Jamieson-Fausset-Brown Bible Commentary
Boast not thyself of to morrow; for thou knowest not what a day may bring forth.
1. Do not confide implicitly in your plans (Pr 16:9; 19:21; Jas 4:13-15).
Let another man praise thee, and not thine own mouth; a stranger, and not thine own lips.
2. Avoid self-praise.
A stone is heavy, and the sand weighty; but a fool's wrath is heavier than them both.
3. heavy—The literal sense of "heavy," applied to material subjects, illustrates its figurative, "grievous," applied to moral.
a fool's wrath—is unreasonable and excessive.
Wrath is cruel, and anger is outrageous; but who is able to stand before envy?
4. envy—or, "jealousy" (compare Margin; Pr 6:34), is more unappeasable than the simpler bad passions.
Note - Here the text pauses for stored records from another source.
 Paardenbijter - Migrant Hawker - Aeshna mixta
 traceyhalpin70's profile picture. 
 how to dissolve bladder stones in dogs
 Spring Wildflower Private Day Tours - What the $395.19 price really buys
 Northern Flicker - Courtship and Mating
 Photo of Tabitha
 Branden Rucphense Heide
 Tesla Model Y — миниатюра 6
Open rebuke is better than secret love.
5, 6. secret love—not manifested in acts is useless; and even, if its exhibition by rebukes wounds us, such love is preferable to the frequent (compare Margin), and hence deceitful, kisses of an enemy.
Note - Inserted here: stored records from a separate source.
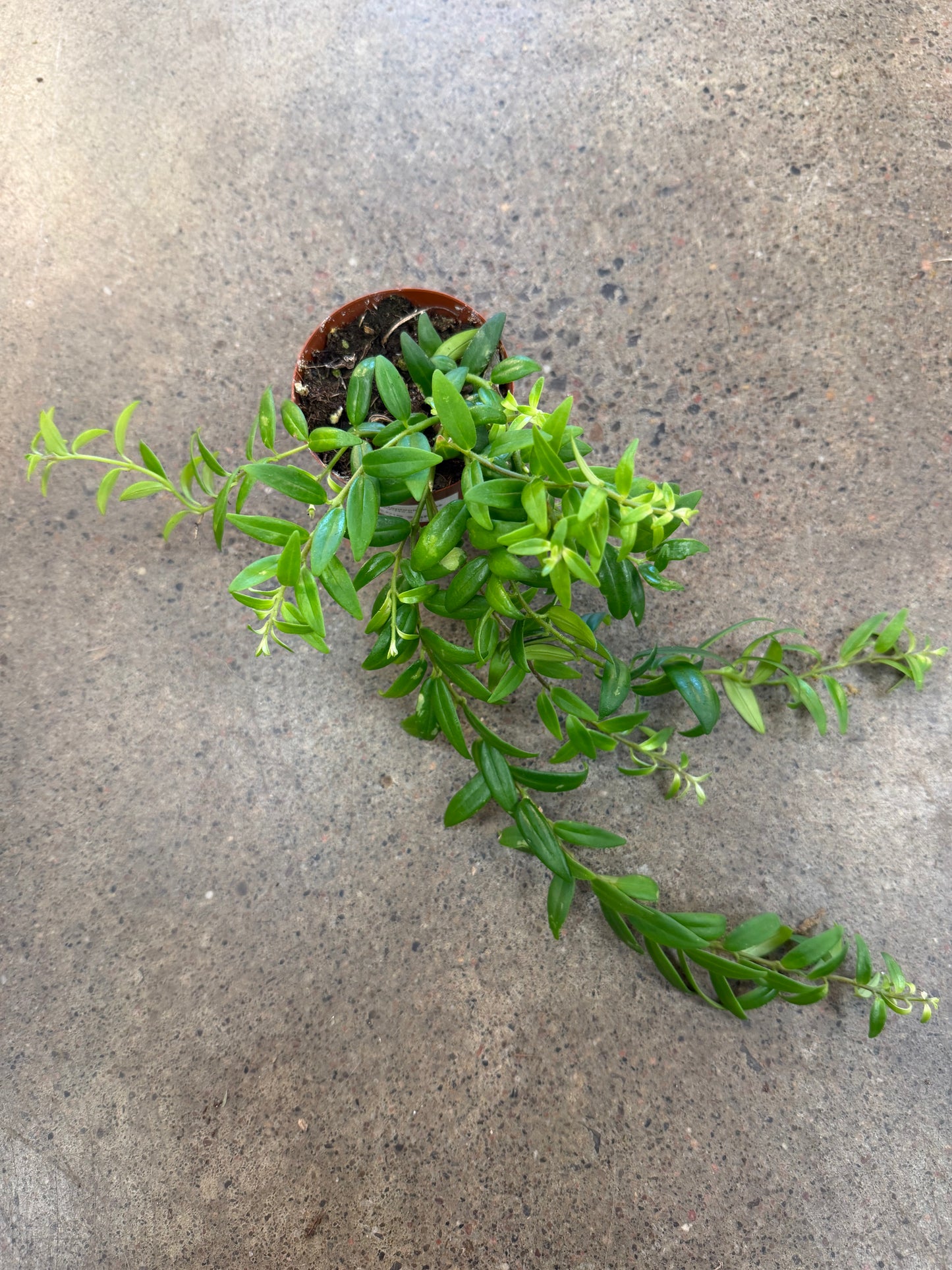 Aeschynanthus Japhrolepis
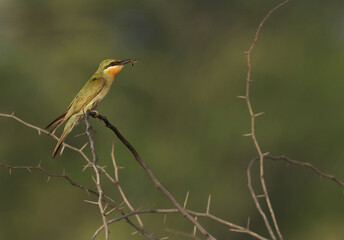 Blue-cheeked bee-eater with a bee catch perched on acacia tree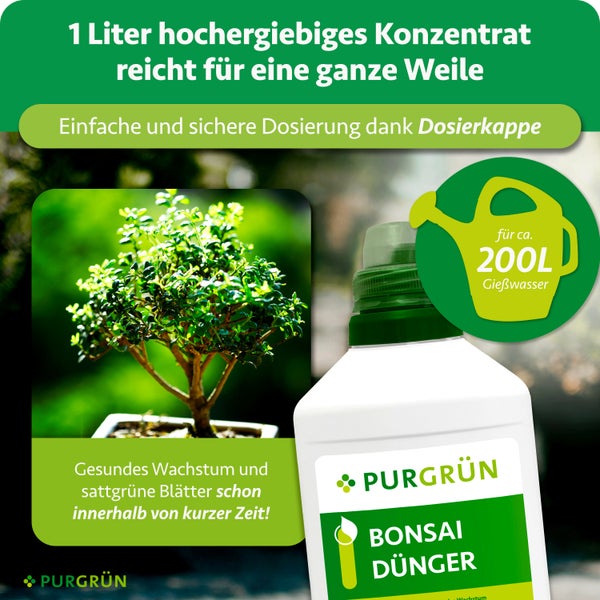 Purgrün Bonsai Dünger Konzentrat 1 Liter mit Dosierkappe für circa 200 Liter Gießwasser, neben einem kleinen Bonsai Baum in einem Topf.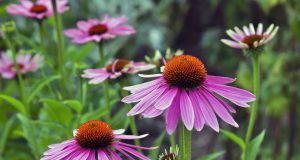 Garden: Echinacea is an ancient medicinal plant used by the North American Indians for colds, coughs, sore throats and tonsillitis. Even today, Echinacea angustifolia is used internally against respiratory and urinary tract infections and externally for the treatment of poorly healing wounds.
Faithful are the wounds of a friend; but the kisses of an enemy are deceitful.
The full soul loatheth an honeycomb; but to the hungry soul every bitter thing is sweet.
7. The luxury of wealth confers less happiness than the healthy appetite of labor.
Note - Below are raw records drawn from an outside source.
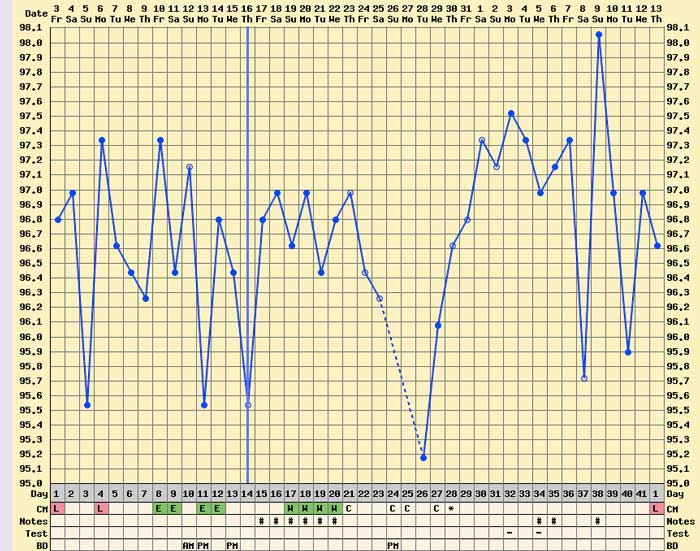 Why am I not getting pregnant? 11 Possible reasons you shouldn’t ignore 3 Anovulatory-1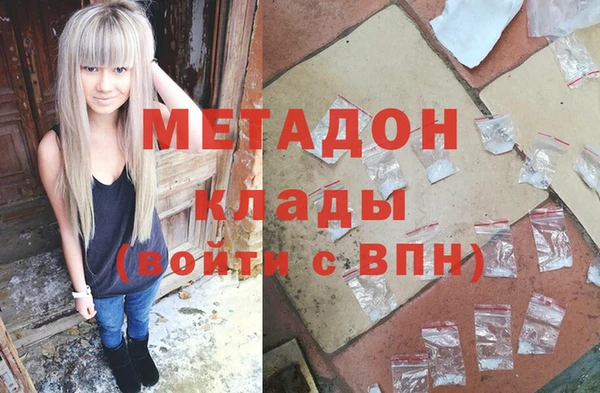 прущие грибы Горняк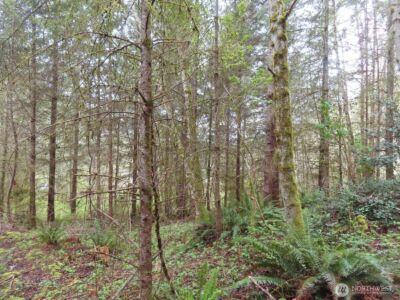 0 XXX Larson Road , Mossyrock, WA 98564 - Photo 27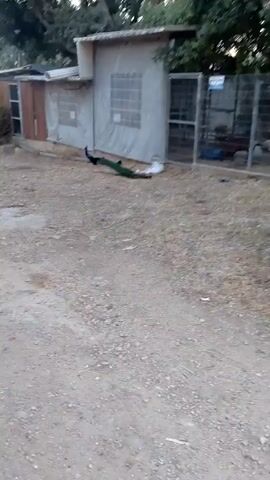 A video captures a peacock in an outdoor setting, walking in front of a building. The building appears to be constructed with a light-colored material, possibly tarp or canvas, stretched over a frame. It has several windows, some of which are made of glass blocks and others with a mesh covering. There is a door visible on the left side of the building. To the right of the main structure, there is an enclosure with a metal fence, suggesting it might be a pen or cage. The ground is covered in dirt and small stones, and some dry grass and debris are scattered around. Trees are visible in the background. The peacock has iridescent green and blue plumage.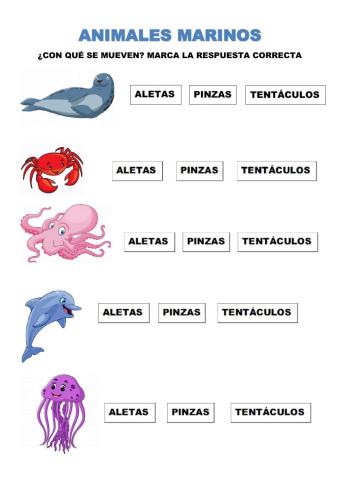 Animales marinos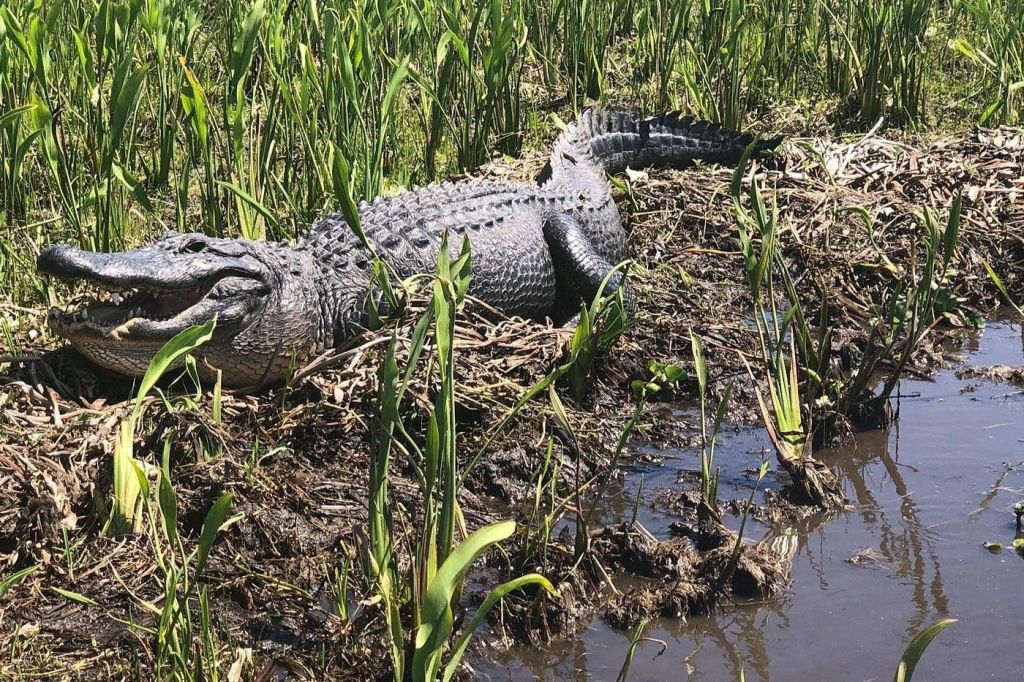 악어가 자연 습지 지역의 작은 물줄기 근처의 높은 잔디 사이 진흙 바닥에 누워 있습니다.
As a bird that wandereth from her nest, so is a man that wandereth from his place.
8. Such are not only out of place, but out of duty and in danger.
Ointment and perfume rejoice the heart: so doth the sweetness of a man's friend by hearty counsel.
9. rejoice the heart—the organ of perceiving what pleases the senses.
sweetness … counsel—or, "wise counsel is also pleasing."
Thine own friend, and thy father's friend, forsake not; neither go into thy brother's house in the day of thy calamity: for better is a neighbour that is near than a brother far off.
10. Adhere to tried friends. The ties of blood may be less reliable than those of genuine friendship.
My son, be wise, and make my heart glad, that I may answer him that reproacheth me.
11. The wisdom of children both reflects credit on parents and contributes to their aid in difficulties.
A prudent man foreseeth the evil, and hideth himself; but the simple pass on, and are punished.
12, 13. (Compare Pr 20:16; 22:3).
Take his garment that is surety for a stranger, and take a pledge of him for a strange woman.
He that blesseth his friend with a loud voice, rising early in the morning, it shall be counted a curse to him.
14. Excessive zeal in praising raises suspicions of selfishness.
A continual dropping in a very rainy day and a contentious woman are alike.
15. (Compare Pr 19:13).
very … day—literally, "a day of showers."
Whosoever hideth her hideth the wind, and the ointment of his right hand, which bewrayeth itself.
16. hideth—or, "restrains" (that is, tries to do it); is as fruitless an effort, as that of holding the wind.
the ointment of his right hand—the organ of power (Ps 17:7; 18:35). His right hand endeavors to repress perfume, but vainly. Some prefer: "His right hand comes on oil," that is, "cannot take hold." Such a woman cannot be tamed.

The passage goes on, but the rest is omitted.